Audit Process
What is an audit?
I am not an accountant, so my explanation may fall a bit short, but an audit typically has a few parts:
- Develop a list of questions that are pertinent to the organization being audited.
- Examine the policies and procedures of the organization and determine the answers to these questions. This should include interviewing the people in the organization since many policies and procedures may not be written down.
- Select a sample set of data -- for instance one month's worth of transactions -- and check to see if the policies and procedures are being followed.
- Write a report summarizing the findings.
The questions
Obviously the list of questions is the key here. (Don't ask the right questions and the audit may be less than useful.) Depending on the organization there are some standard questions that can be found and included.

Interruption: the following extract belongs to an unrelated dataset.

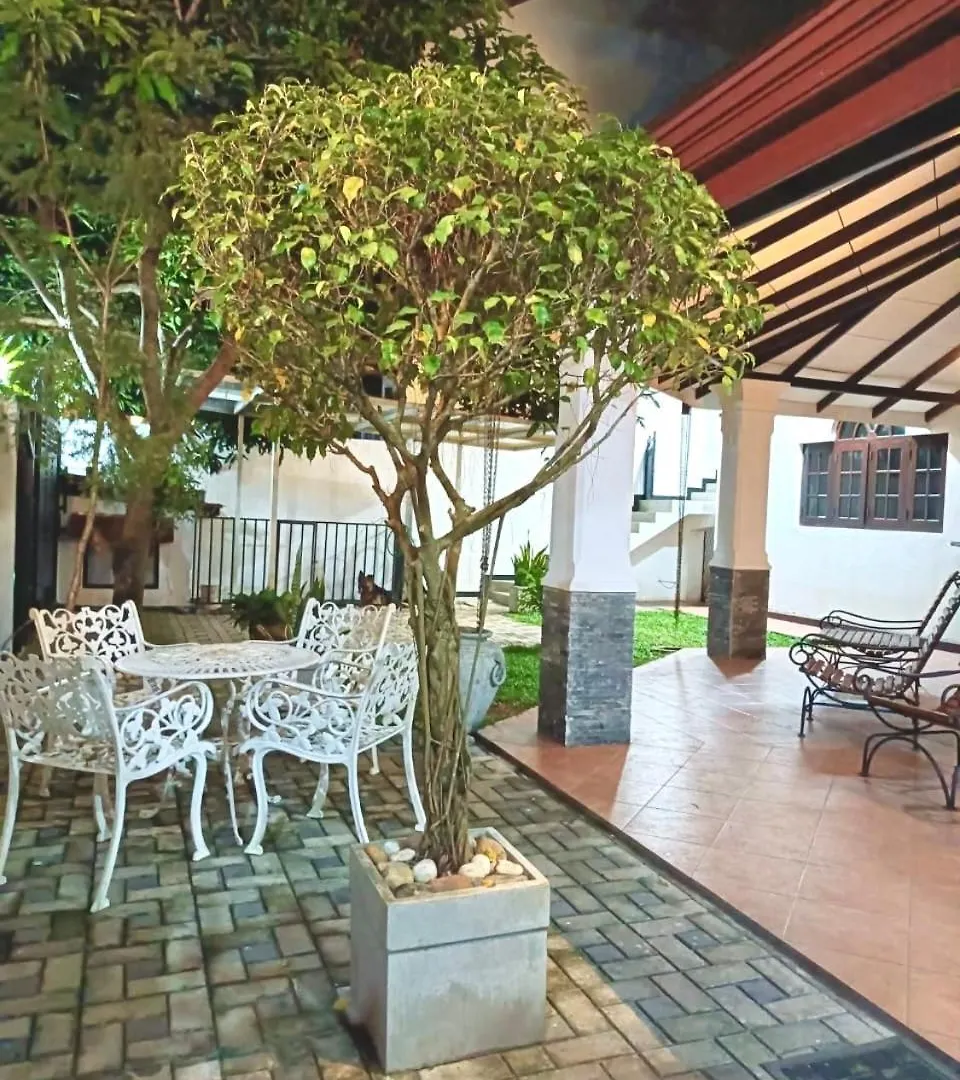 Neem Aura Home Stay Seeduwa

Assume we're taking money in at fundraising events, doing bookkeeping tasks, paying bills, etc. Example questions might be:
- Do cashiers count the money before handing it over to someone else who also counts the money?

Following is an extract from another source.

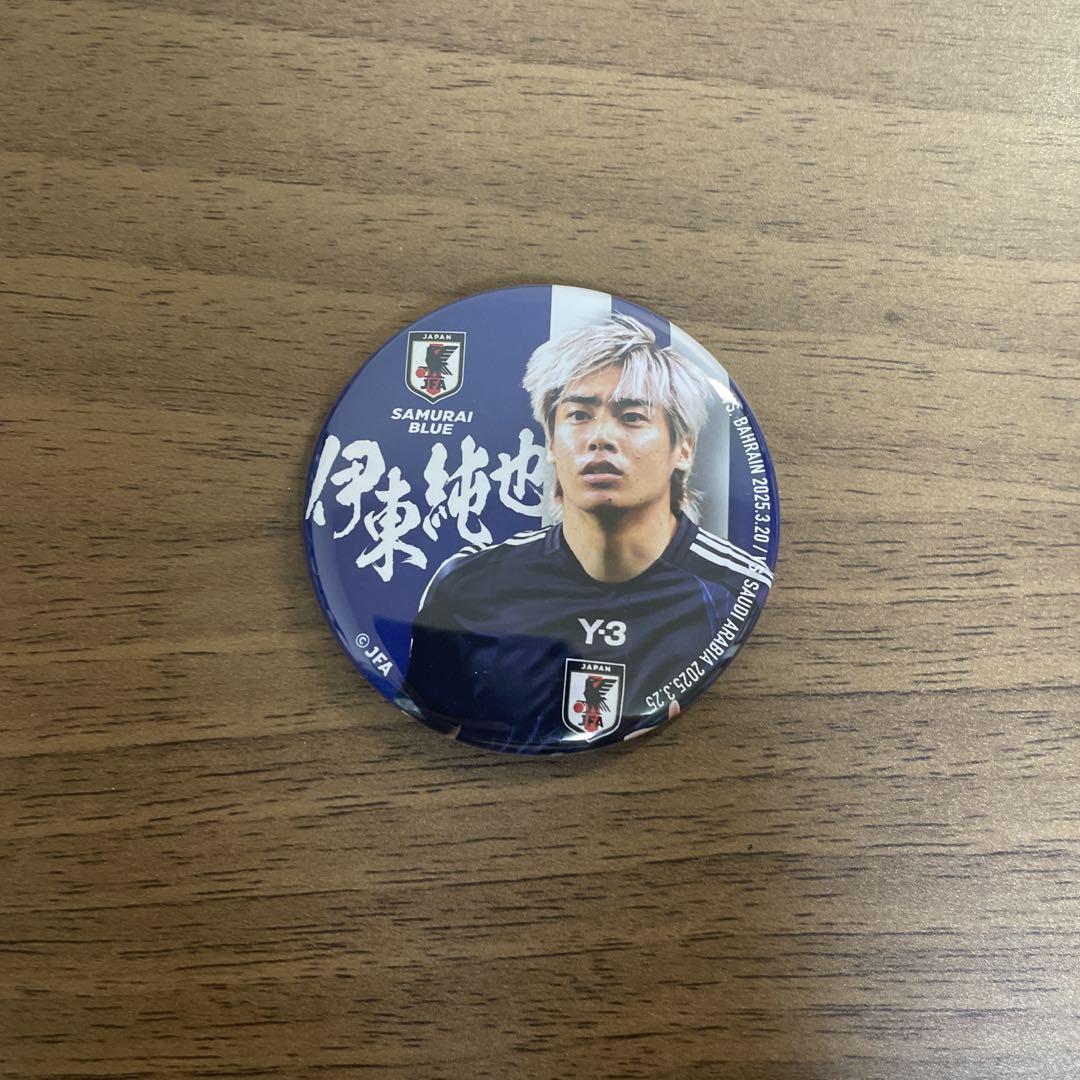レア！】サッカー 日本代表 伊東純也 缶バッジ - メルカリ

- Is the money counted in view of other workers? Who?
- Is the person who keeps the books able to sign checks?
- Are checks endorsed with a stamp at the time they are received?
- Who has access to the debit card?
- Who has authority to use the debit card?
- Who has access to the check book?
- Who has authority to sign checks?
- Who prepares checks to be signed?
- How are cash advances handled?
- How are IOUs handled?
The report
Problems that can be found by an audit given the questions above could be:
- One person is being relied on to do all the "money things", including both bookkeeping and check signing. This could lead to at leasst two problems:
- All your chickens in one basket. If that person gets hit by a truck, what happens?
- Allowing someone access to account for the money (perhaps creatively) and sign checks invites an unscurpulous but trusted person to embezzle funds.
- Counting money alone and in secret also is an invitation to pocket some of the money.
- If two separate people count the cash, then they have a tendency to keep each other honest. They would have to conspire in some way to take the organizations funds from the tills.
Who conducts an audit
Audits can be external or internal. An external audit is when an outside person conducts the audit. An internal audit finds someone in the organization (who doesn't have control of the money) to conduct the audit.
Ideally people who make the policies for the organization and the workers involved with the finances (bookkeepers, cashiers, etc.) all have an awareness of these kinds of finance accountability issues. To the degree that they do, and internal audit shouldn't turn up many surprises. Likewise, if an internal audit is conducted prior to an external audit, then the external audit should turn up few surprises.
Recommendations
We should develop a list of audit questions that seem appropriate to our organization and then conduct an internal audit. The report resulting from this should be fed back into our tweaking our polices and procedures, refining them.
After the audit we should also maintain a list of audit questions that are appropriate to our organization, adding to it.
Good audits are specific and customized to each organization. They are an ongoing process that morphs as people in the organization grow in awareness about financial accountability issues.